For any food lover living in New York, Zabar's
is one of those institutions we naively believe has always been around and will always be around. Its crowded aisles and barking counterpeople seem like the very fabric of the city, destined to live on like Methuselah. And yet, any food lover who's lived in the city long enough has watched many beloved institutions close, the victims of rising rents, big box competition, and aging proprietors.
This weekend's New York Times had an article on Zabar's that reminded us to appreciate what we've got before it's gone.Saul Zabar, the man who turned Zabar's into the gourmet food and housewares store that it is today, turns 80 this Wednesday. The store itself is comparatively a youngster; it won't turn 75 until next year.

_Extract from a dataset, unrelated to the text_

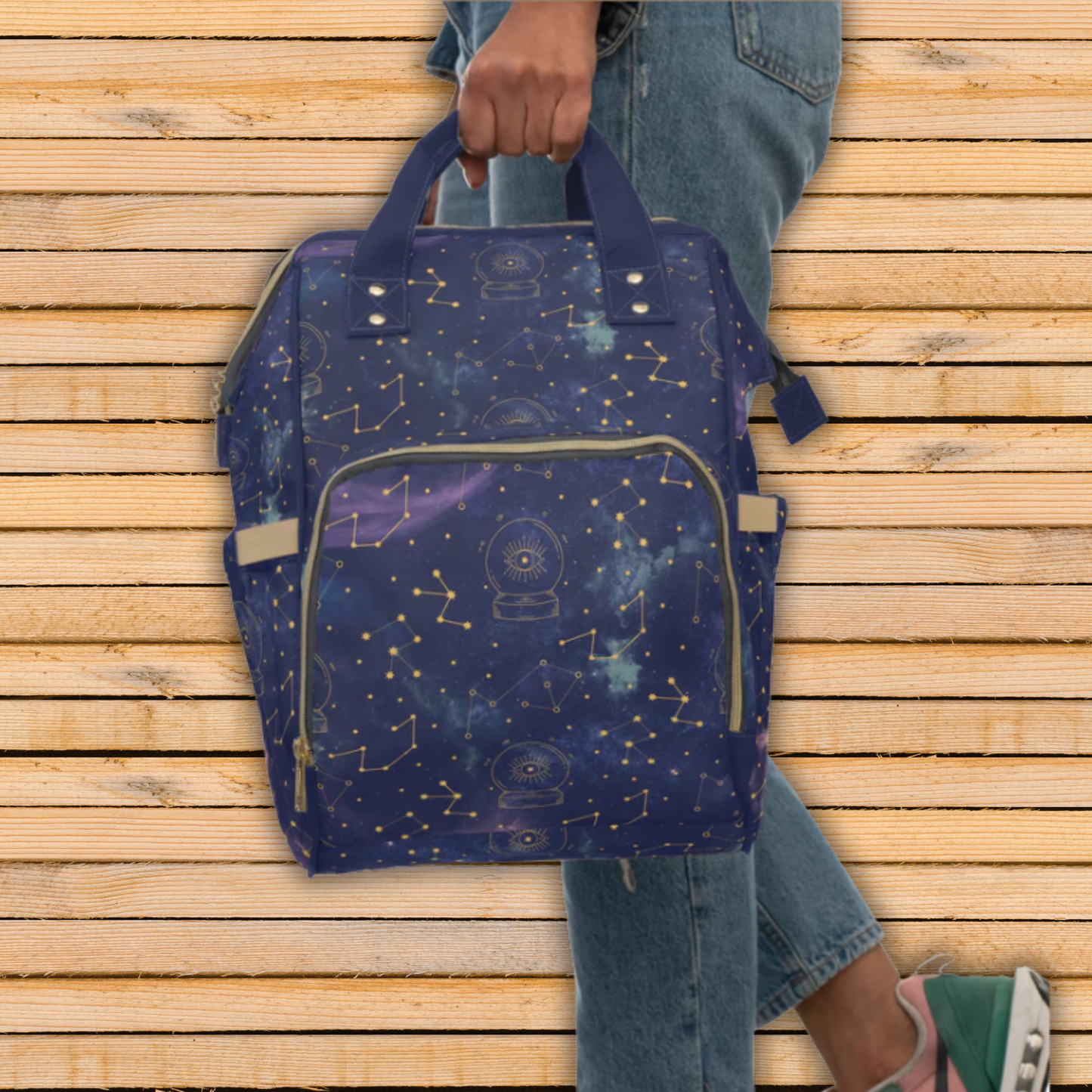 Galaxy Multifunctional Diaper Backpack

In celebration, Saturday's New York Times has a read-worthy article on Zabar, with an accompanying audio slideshow. Your heartstrings will get tugged on, with tales of how Zabar's has supported the city and their employees. Not only did they give $5 million to build a nursery school, but they regularly loan money to employees and even paid half the tuition for an employee's disabled son's boarding school. It's almost a remake of "It's a Wonderful Life" but with more smoked herring and coffee beans.
Speaking of those coffee beans, the Daily News is also cheering for Mr. Zabar's birthday. They've got an accompanying multi-media piece online as well, although theirs focuses on the unique coffee roasting operation the octogenarian started 40 years ago.
The good news is, Zabar's isn't going anywhere for now. They own their store, two of their children work there, and Saul has no plans of retiring. And yet, shouldn't you run out and get some lox and a pound of pastrami, just in case?